Recently by William L. Anderson: Malum Prohibitum: The Evil Legal Language of Progressivism
Murray Rothbard liked to say that economists often tended to specialize in the area where their knowledge was the worst, and given Paul Krugman’s butchery of the historical record, I’d say Rothbard had a good point. Regular readers of Krugman’s columns and blog posts and other public statements would believe, for example, that World War II ended the Great Depression, that Jimmy Carter and Ted Kennedy (who were major forces in deregulation during the 1970s) were conservative Republicans, and that the only thing better than war to bring prosperity would be the nationwide preparation to fight an invasion of imaginary space aliens.
As always, whenever Krugman goes on a partisan political screed, truth is left behind, and his recent column is no exception. While I have no problem with his criticizing Republicans, nonetheless I actually would want for him to get his criticisms correct, especially his points that the Republican Party is dedicated to laissez-faire economics and actually cutting the size and scope of government.
Unfortunately, he decides to make essentially this set of claims:
- The financial meltdown was purely the fault of private enterprise except for one governmental error: it did not regulate enough;
- The GSEs, Freddie and Fannie, had absolutely nothing to do with the meltdown.
Start with the big question: How did we get into the mess we're in?
The financial crisis of 2008 and its painful aftermath, which we're still dealing with, were a huge slap in the face for free-market fundamentalists. Circa 2005, the usual suspects — conservative publications, analysts at right-wing think tanks like the American Enterprise Institute and the Cato Institute, and so on — insisted that deregulated financial markets were doing just fine, and dismissed warnings about a housing bubble as liberal whining. Then the nonexistent bubble burst, and the financial system proved dangerously fragile; only huge government bailouts prevented a total collapse.
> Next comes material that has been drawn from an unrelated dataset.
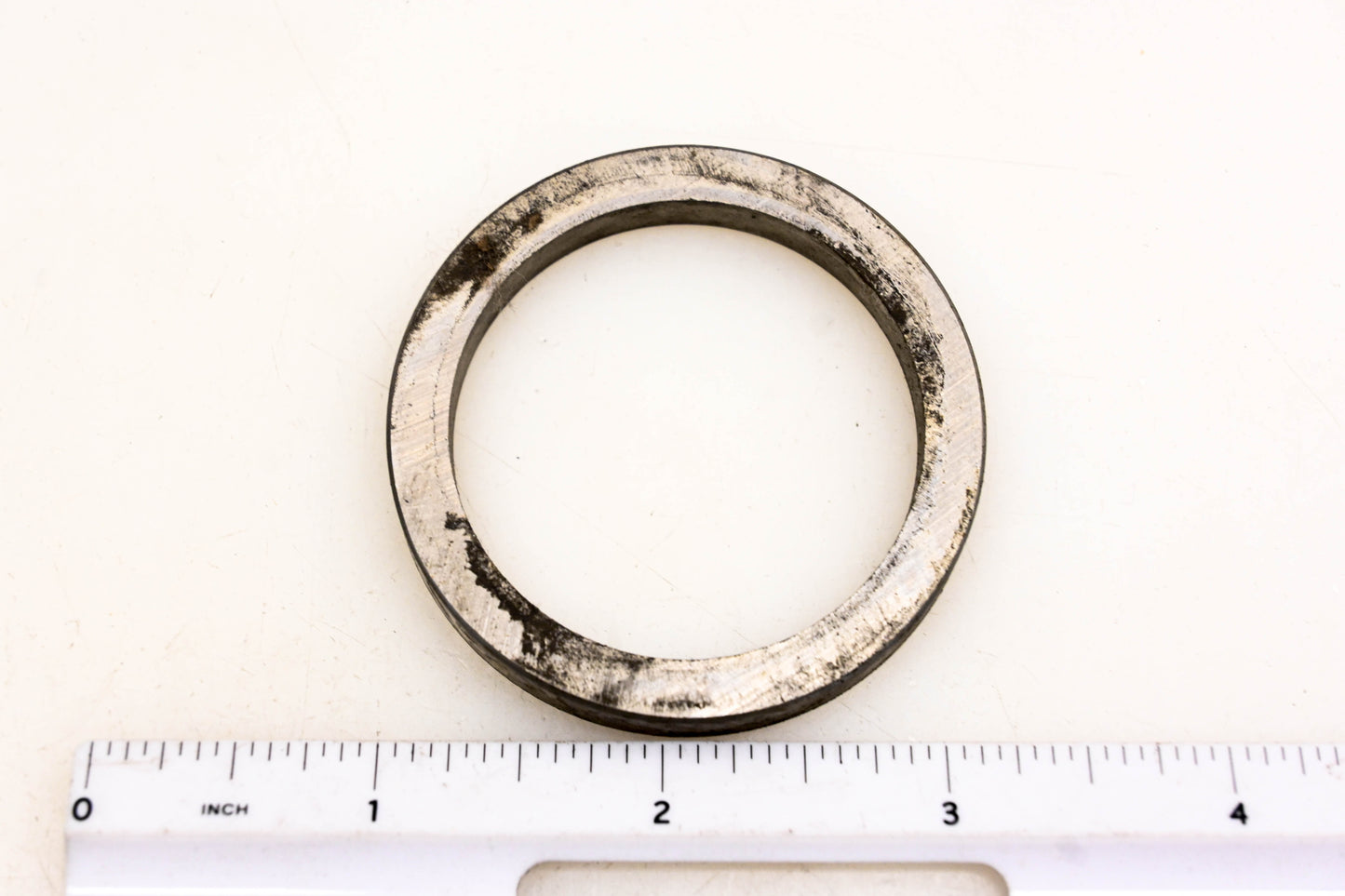 Mack 13GC2233P15 Valve Seat M.W.W. 871-A 3.131 NOS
Instead of learning from this experience, however, many on the right have chosen to rewrite history. Back then, they thought things were great, and their only complaint was that the government was getting in the way of even more mortgage lending; now they claim that government policies, somehow dictated by liberals even though the G.O.P. controlled both Congress and the White House, were promoting excessive borrowing and causing all the problems.
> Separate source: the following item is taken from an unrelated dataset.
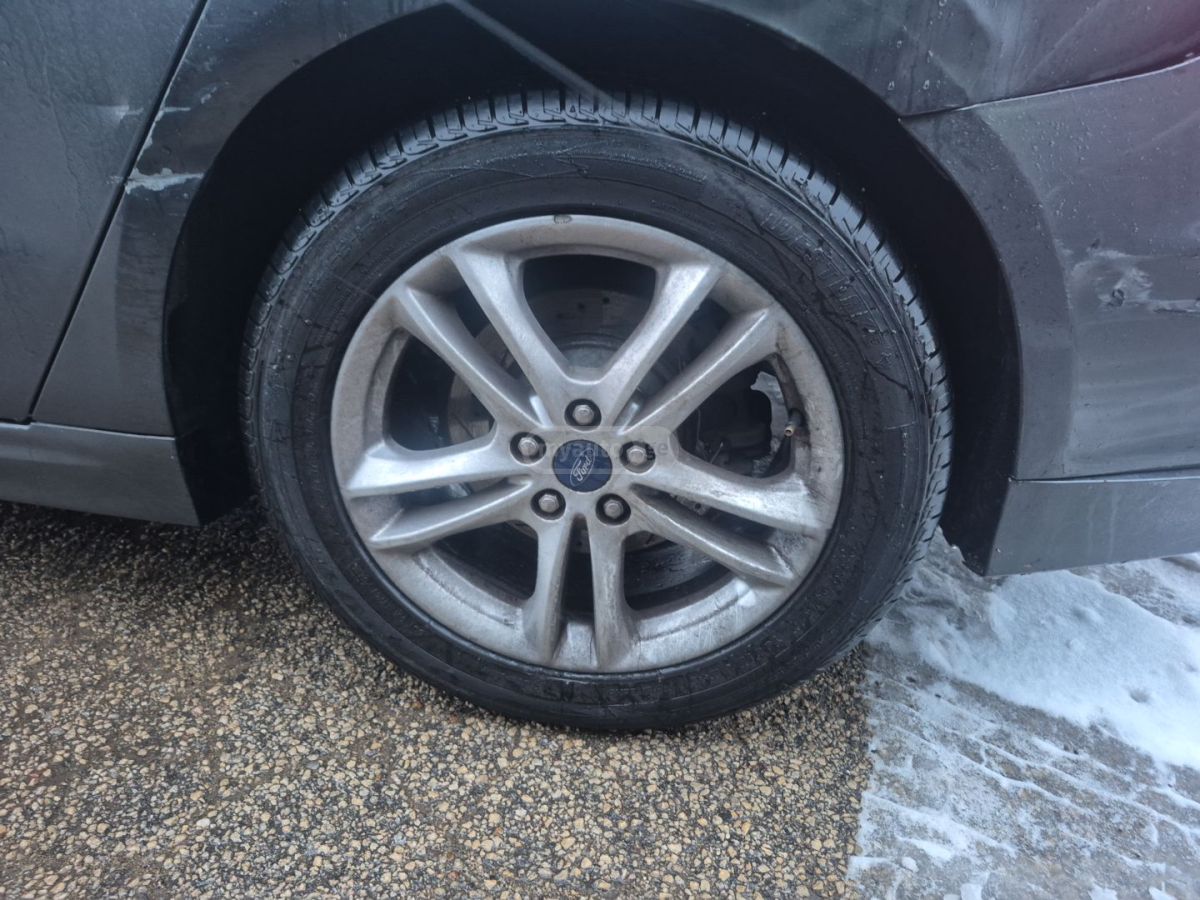 Ford Fusion - фото 6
Every piece of this revisionist history has been refuted in detail. No, the government didn't force banks to lend to Those People; no, Fannie Mae and Freddie Mac didn't cause the housing bubble (they were doing relatively little lending during the peak bubble years); no, government-sponsored lenders weren't responsible for the surge in risky mortgages (private mortgage issuers accounted for the vast majority of the riskiest loans).
But the zombie keeps shambling on — and here's Mr. Rubio Tuesday night: "This idea — that our problems were caused by a government that was too small — it's just not true. In fact, a major cause of our recent downturn was a housing crisis created by reckless government policies." Yep, it's the full zombie.
The only accusation he left out was that Republicans were responsible for keeping the space aliens away from us, thus nullifying our chances for economic recovery. But, let us take a look at the record, given that Krugman has made some very important claims.
Understand that he is quietly making the larger claim: price signals mean nothing to entrepreneurs; only government regulators and agents can understand the economy and what actually is happening, and that only government, through spending, regulation, and outright ownership and control of the factors of production, can bring about prosperity.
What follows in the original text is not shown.